Releases: ROCm/rocFFT
Releases · ROCm/rocFFT
rocFFT 1.0.21 for ROCm 5.4.3
Fixed
- Removed source directory from rocm_install_targets call to prevent installation of rocfft.h in an unintended location.
rocFFT 1.0.20 for ROCm 5.4.2
rocFFT code for ROCm 5.4.2 did not change. The library was rebuilt for the updated ROCm 5.4.2 stack.
rocFFT 1.0.20 for ROCm 5.4.1
Fixed
- Fixed incorrect results on strided large 1D FFTs where batch size does not equal the stride.
rocFFT 1.0.19 for ROCm 5.4.0
Optimizations
- Optimized some strided large 1D plans.
Added
- Added rocfft_plan_description_set_scale_factor API to efficiently multiply each output element of a FFT by a given scaling factor.
- Created a rocfft_kernel_cache.db file next to the installed library. SBCC kernels are moved to this file when built with the library, and are runtime-compiled for new GPU architectures.
- Added gfx1100 and gfx1102 to default AMDGPU_TARGETS.
Changed
- Moved runtime compilation cache to in-memory by default. A default on-disk cache can encounter contention problems
on multi-node clusters with a shared filesystem. rocFFT can still be told to use an on-disk cache by setting the
ROCFFT_RTC_CACHE_PATH environment variable.
rocFFT 1.0.18 for ROCm 5.3.3
rocFFT code for ROCm 5.3.3 did not change. The library was rebuilt for the updated ROCm 5.3.3 stack.
rocFFT 1.0.18 for ROCm 5.3.2
rocFFT code for ROCm 5.3.2 did not change. The library was rebuilt for the updated ROCm 5.3.2 stack.
rocFFT 1.0.18 for ROCm 5.3.1
rocFFT code for ROCm 5.3.1 did not change.

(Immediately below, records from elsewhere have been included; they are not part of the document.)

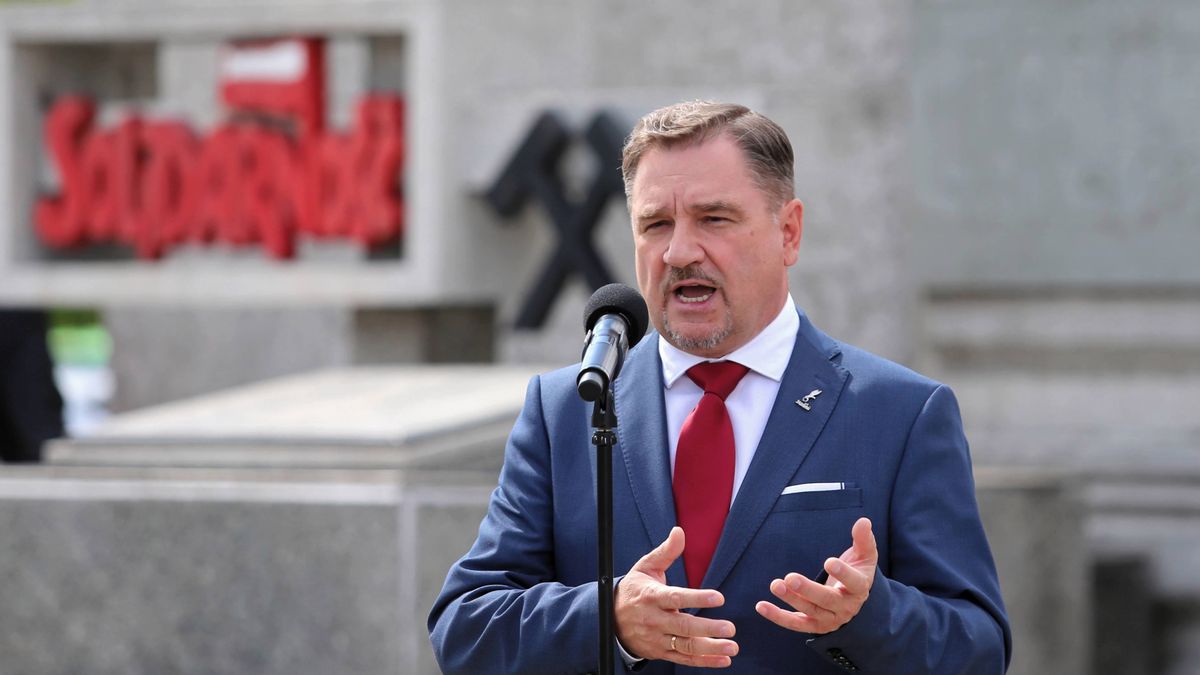 Płaca minimalna w górę. Przewodniczący Solidarności chwali rząd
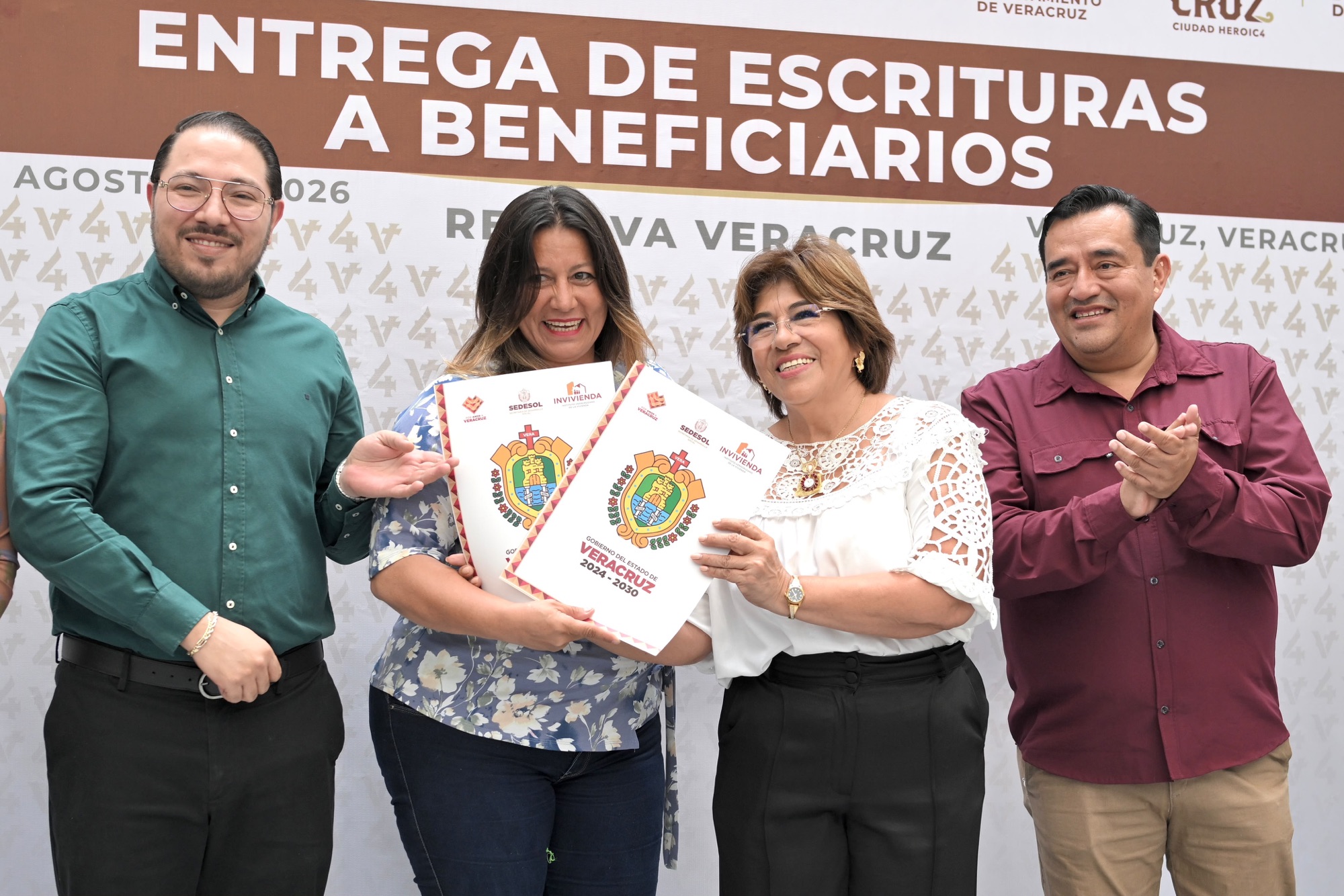 Garantiza Rosa María patrimonio de familias en colonias de Veracruz con entrega de escrituras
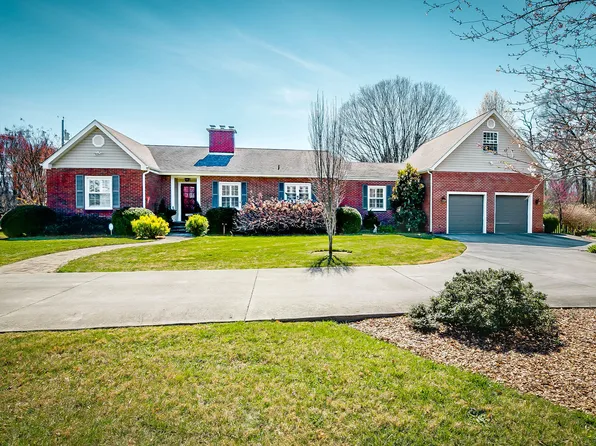 2907 W Walnut St, Johnson City, TN 37604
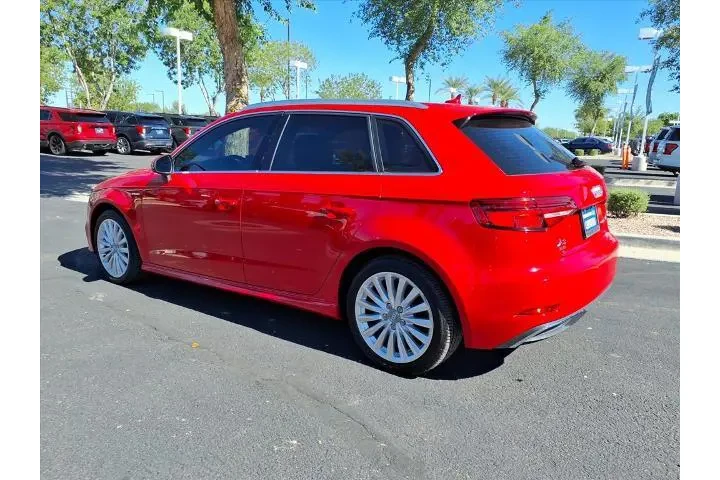 $18962 : Audi A3 Sportback e-tron 201 image 6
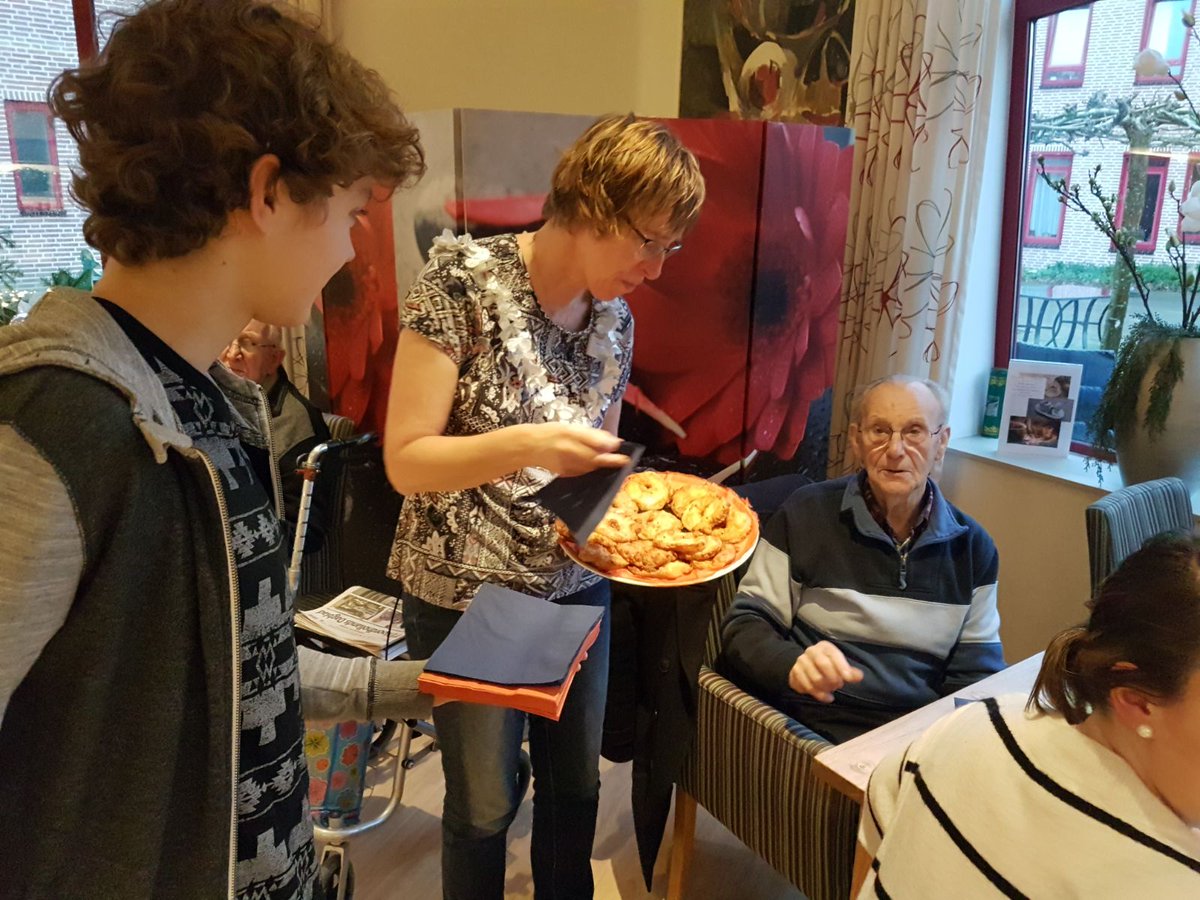 VVD Bergen deelt appelbeignets uit in Zorgcentrum Oudtburgh. Vergeet onze ouderen niet en voorkom eenzaamheid! bergen.vvd.nl/nieuws/26270/v… #fpub #Oudtburgh #Bergen <a href="/NHDAlkmaar/">NHD Alkmaar</a> <a href="/Duinstreek/">DeDuinstreek.nl</a> @gemeentebergen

The library was rebuilt for the updated ROCm 5.3.1 stack.
rocFFT 1.0.18 for ROCm 5.3.0
Changed
- Runtime compilation cache now looks for environment variables XDG_CACHE_HOME (on Linux) and LOCALAPPDATA (on Windows) before falling back to HOME.
Optimizations
- Optimized 2D R2C/C2R to use 2-kernel plans where possible.
- Improved performance of the Bluestein algorithm.
- Optimized sbcc-168 and 100 by using half-lds.
Fixed
- Fixed occasional failures to parallelize runtime compilation of kernels.
Failures would be retried serially and ultimately succeed, but this would take extra time. - Fixed failures of some R2C 3D transforms that use the unsupported TILE_UNALGNED SBRC kernels.
An example is 98^3 R2C out-of-place. - Fixed bugs in SBRC_ERC type.
rocFFT 1.0.17 for ROCm 5.2.3
rocFFT code for ROCm 5.2.3 did not change. The library was rebuilt for the updated ROCm 5.2.3 stack.
rocFFT 1.0.17 for ROCm 5.2.1
rocFFT code for ROCm 5.2.1 did not change. The library was rebuilt for the updated ROCm 5.2.1 stack.